ASSIGNMENT:
Word for word, the listing below should be printed again.
-- SUPPLIED DATA follows --
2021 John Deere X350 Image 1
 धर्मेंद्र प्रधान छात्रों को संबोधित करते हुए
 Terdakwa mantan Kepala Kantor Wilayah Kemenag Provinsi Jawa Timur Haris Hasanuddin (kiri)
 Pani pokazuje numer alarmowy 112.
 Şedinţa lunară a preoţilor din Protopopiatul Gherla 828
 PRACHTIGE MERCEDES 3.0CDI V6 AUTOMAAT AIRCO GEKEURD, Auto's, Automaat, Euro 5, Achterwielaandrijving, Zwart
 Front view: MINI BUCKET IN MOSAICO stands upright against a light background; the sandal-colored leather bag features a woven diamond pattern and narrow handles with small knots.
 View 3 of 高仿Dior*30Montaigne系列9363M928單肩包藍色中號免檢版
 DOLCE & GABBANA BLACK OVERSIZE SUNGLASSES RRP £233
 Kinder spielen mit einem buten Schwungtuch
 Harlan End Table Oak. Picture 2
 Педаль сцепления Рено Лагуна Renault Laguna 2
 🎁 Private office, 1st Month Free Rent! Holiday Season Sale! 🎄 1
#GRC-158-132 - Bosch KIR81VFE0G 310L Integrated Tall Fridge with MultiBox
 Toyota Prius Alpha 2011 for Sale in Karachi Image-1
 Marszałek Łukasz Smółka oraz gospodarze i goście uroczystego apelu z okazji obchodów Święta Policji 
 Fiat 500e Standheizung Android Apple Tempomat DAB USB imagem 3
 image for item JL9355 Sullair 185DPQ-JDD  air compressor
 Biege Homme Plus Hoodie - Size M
-- SUPPLIED DATA concluded --
ANSWER BELOW:
2021 John Deere X350 Image 1
 धर्मेंद्र प्रधान छात्रों को संबोधित करते हुए
 Terdakwa mantan Kepala Kantor Wilayah Kemenag Provinsi Jawa Timur Haris Hasanuddin (kiri)
 Pani pokazuje numer alarmowy 112.
 Şedinţa lunară a preoţilor din Protopopiatul Gherla 828
 PRACHTIGE MERCEDES 3.0CDI V6 AUTOMAAT AIRCO GEKEURD, Auto's, Automaat, Euro 5, Achterwielaandrijving, Zwart
 Front view: MINI BUCKET IN MOSAICO stands upright against a light background; the sandal-colored leather bag features a woven diamond pattern and narrow handles with small knots.
 View 3 of 高仿Dior*30Montaigne系列9363M928單肩包藍色中號免檢版
 DOLCE & GABBANA BLACK OVERSIZE SUNGLASSES RRP £233
 Kinder spielen mit einem buten Schwungtuch
 Harlan End Table Oak. Picture 2
 Педаль сцепления Рено Лагуна Renault Laguna 2
 🎁 Private office, 1st Month Free Rent! Holiday Season Sale! 🎄 1
#GRC-158-132 - Bosch KIR81VFE0G 310L Integrated Tall Fridge with MultiBox
 Toyota Prius Alpha 2011 for Sale in Karachi Image-1
 Marszałek Łukasz Smółka oraz gospodarze i goście uroczystego apelu z okazji obchodów Święta Policji 
 Fiat 500e Standheizung Android Apple Tempomat DAB USB imagem 3
 image for item JL9355 Sullair 185DPQ-JDD  air compressor
 Biege Homme Plus Hoodie - Size M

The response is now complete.